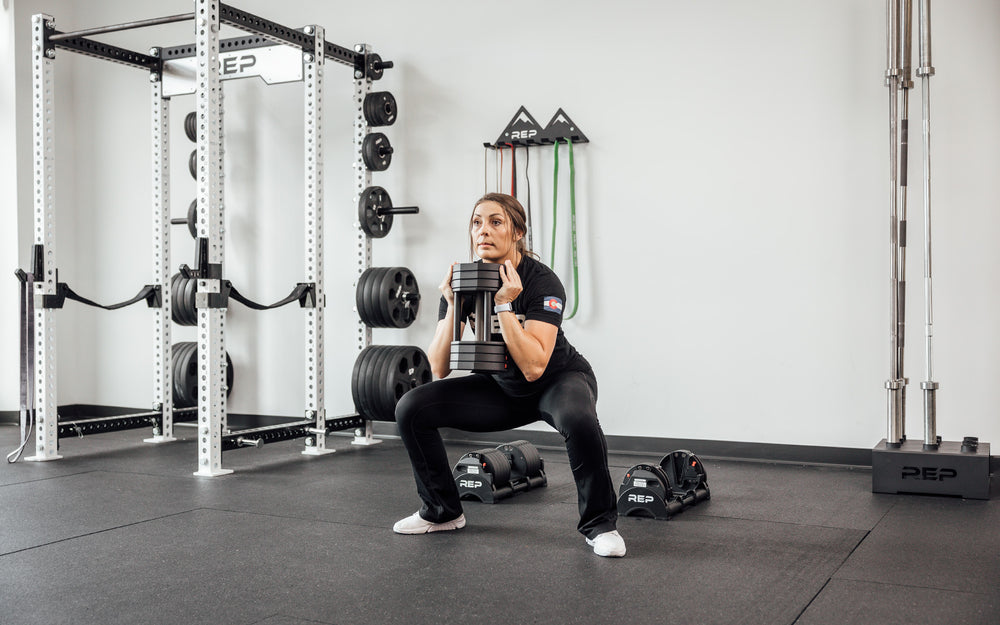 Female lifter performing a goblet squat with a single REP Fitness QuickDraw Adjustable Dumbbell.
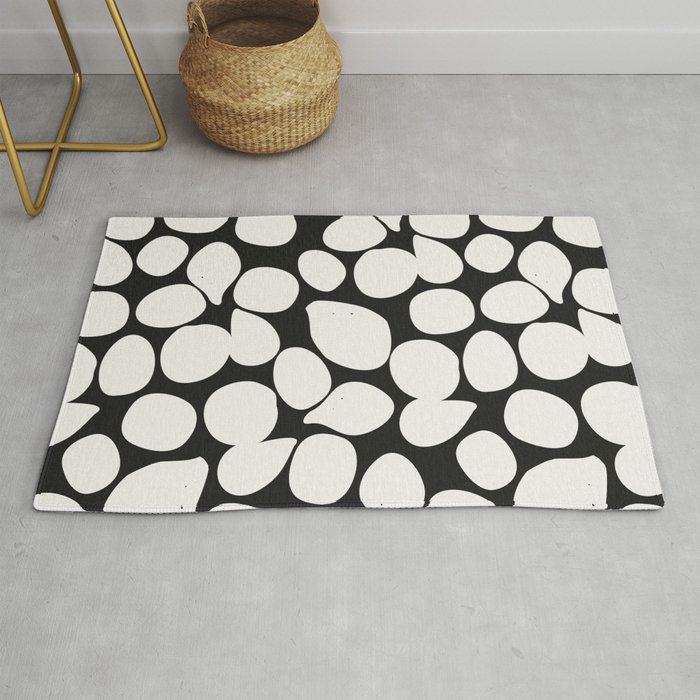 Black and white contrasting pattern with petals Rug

· · · · · · ·

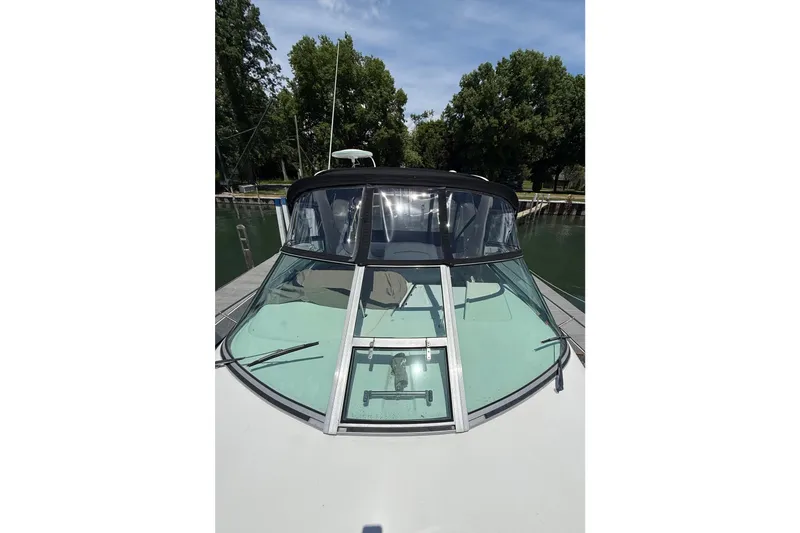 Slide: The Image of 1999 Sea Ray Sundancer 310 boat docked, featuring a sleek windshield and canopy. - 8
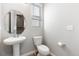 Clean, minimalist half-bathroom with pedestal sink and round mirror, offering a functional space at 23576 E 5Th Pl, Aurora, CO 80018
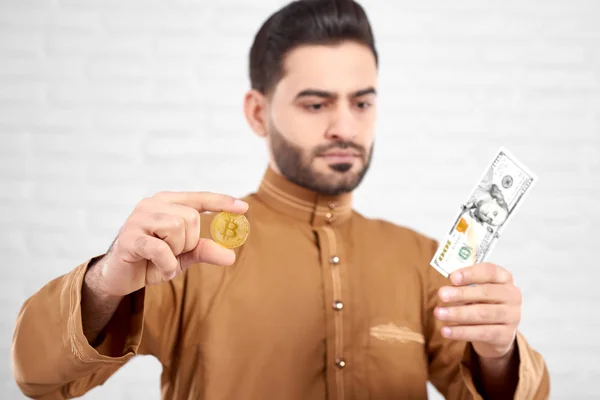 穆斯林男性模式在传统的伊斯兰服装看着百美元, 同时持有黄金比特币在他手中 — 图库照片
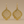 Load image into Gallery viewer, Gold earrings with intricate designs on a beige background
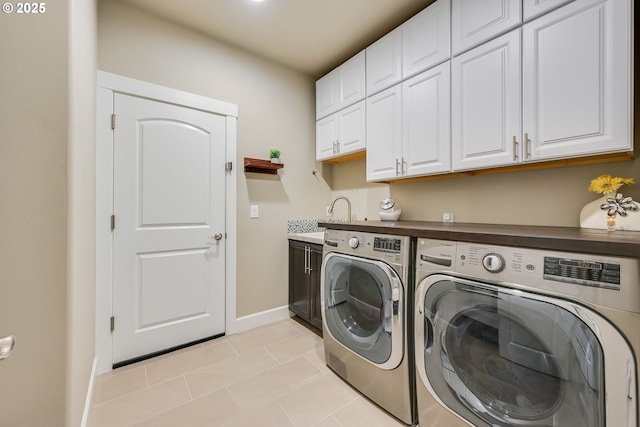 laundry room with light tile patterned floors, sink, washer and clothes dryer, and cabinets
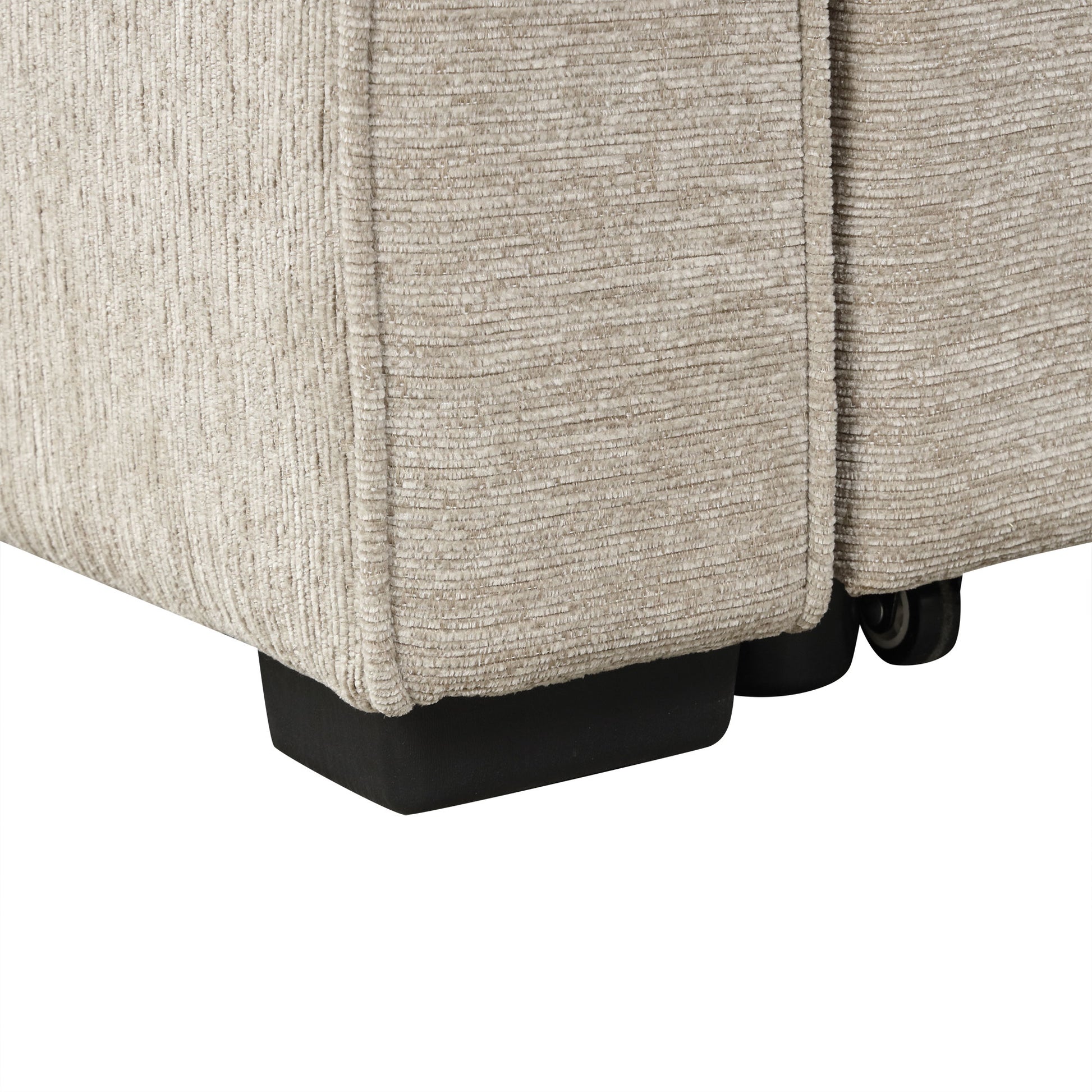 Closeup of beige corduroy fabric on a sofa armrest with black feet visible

· · · · · · ·

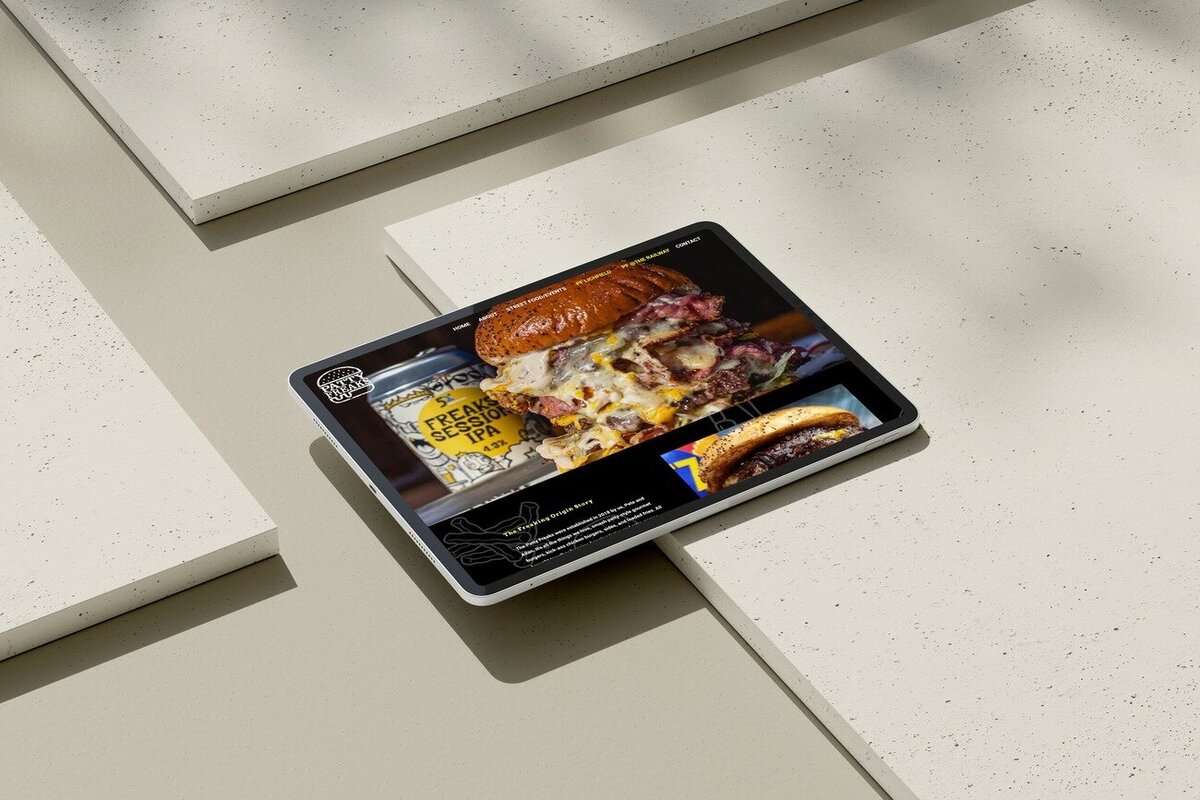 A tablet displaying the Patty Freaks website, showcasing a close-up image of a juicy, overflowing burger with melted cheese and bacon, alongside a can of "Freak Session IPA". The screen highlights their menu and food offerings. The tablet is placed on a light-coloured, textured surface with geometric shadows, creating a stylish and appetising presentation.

· · · · · · ·

* _TASK REQUIREMENTS_
Write out the lines above from the one with "穆斯林男性模式在传统的伊斯兰服装看着百美元, 同时持有黄金比特币在他手中 — 图库照片" through the one with "Closeup of beige", ends included, exactly; no picture goes in.

* _REPLY TO THE EXERCISE_
 穆斯林男性模式在传统的伊斯兰服装看着百美元, 同时持有黄金比特币在他手中 — 图库照片
 Load image into Gallery viewer, Gold earrings with intricate designs on a beige background
 laundry room with light tile patterned floors, sink, washer and clothes dryer, and cabinets
 Closeup of beige corduroy fabric on a sofa armrest with black feet visible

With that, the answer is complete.